However, a couple of things have prompted me to get into articles on spotting fakes and beginning to share some go-to pointers.

Firstly, there have been several times which readers have written in to confirm a (fake or fantasy) card was real before buying. Thankfully I was able to alert each before they became the latest victim of fake Jordans. This tells me it would be helpful to have a guide here even though the information is likely already largely available elsewhere.

Secondly, faking graded card slabs and flips continues to improve. Not only that but mistakes can happen in grading. Anyone buying graded high-end cards should have an understanding of signs of fake holders and cards as well as how to confirm grading serial numbers.

Finally, fantasy cards are becoming more and more common. These are brand new cards created to appear as though they were released alongside real sets. Sometimes these are just fun ‘fantasy’ items clearly marked as such, other times they try to catch buyers unaware of official set lists.

What these articles will not do

Counterfeiting is an ever-evolving problem. Some articles online discussing identifying counterfeit cards can give the impression that you just need to check for a set of indicators, don’t see any of those and the card is good. Unfortunately, though, as counterfeiting improves, unless articles are kept stringently up to date, they may not remain 100% accurate.
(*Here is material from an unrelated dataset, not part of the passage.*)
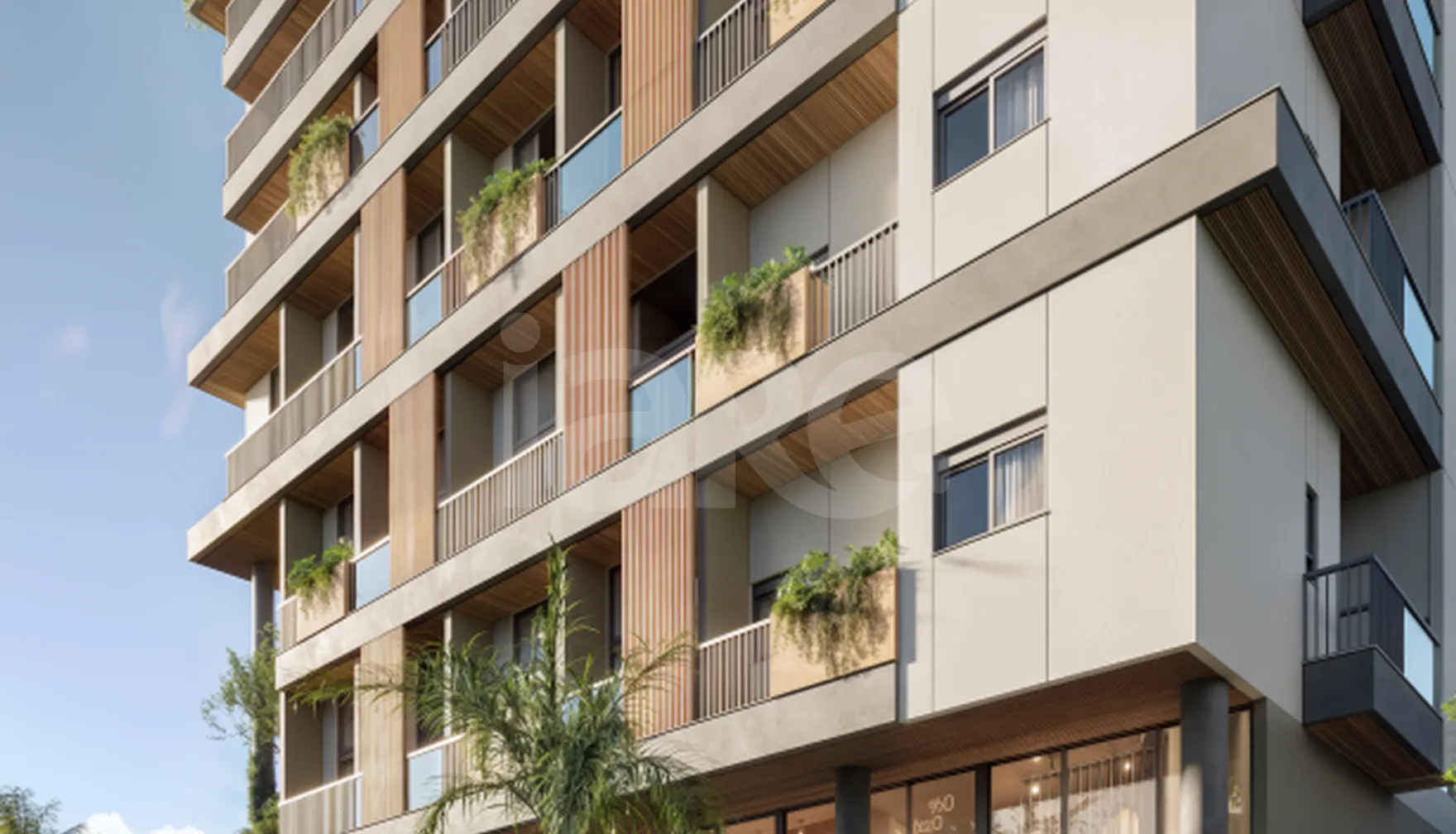 Brizz Smart Stay - Loja com 150,98 m², em Cachoeira do Bom Jesus — foto 10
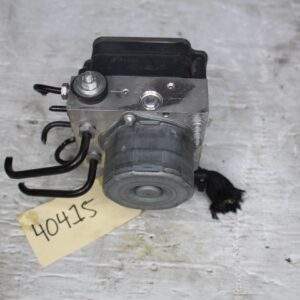 Mercedes Benz W176 W117 A45 CLA45 AMG ABS Pump Unit A1764311812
So, while I will update with new information as it comes to hand, these articles won’t tell you how to identify a fake card. What they will do is point out signs of a likely fake. Spot any one of the indicators and you are likely looking at a fake. However, spotting none of the indicators doesn’t guarantee the card is real.

Low hanging fruit

While I don’t want to say categorically that the absence of a set of indicators is a sure thing, most fake cards are atrocious and easily identified at a glance. This is even more so the case when you can view and hold a card in person if you have a good understanding of how the card stock should feel and are not beholden to (often poor quality) online images. These are benefits graders always have over online buyers.

Finally, as far as low hanging fruit goes, the seller will often ‘tell you’ it’s fake - believe it or not.

Sign of a fake card - they tell you

There’s one sign of a fake that can come up for any card - the seller may actually ‘tell you’ by doing their best to maintain a level of plausible deniability in their description of the item.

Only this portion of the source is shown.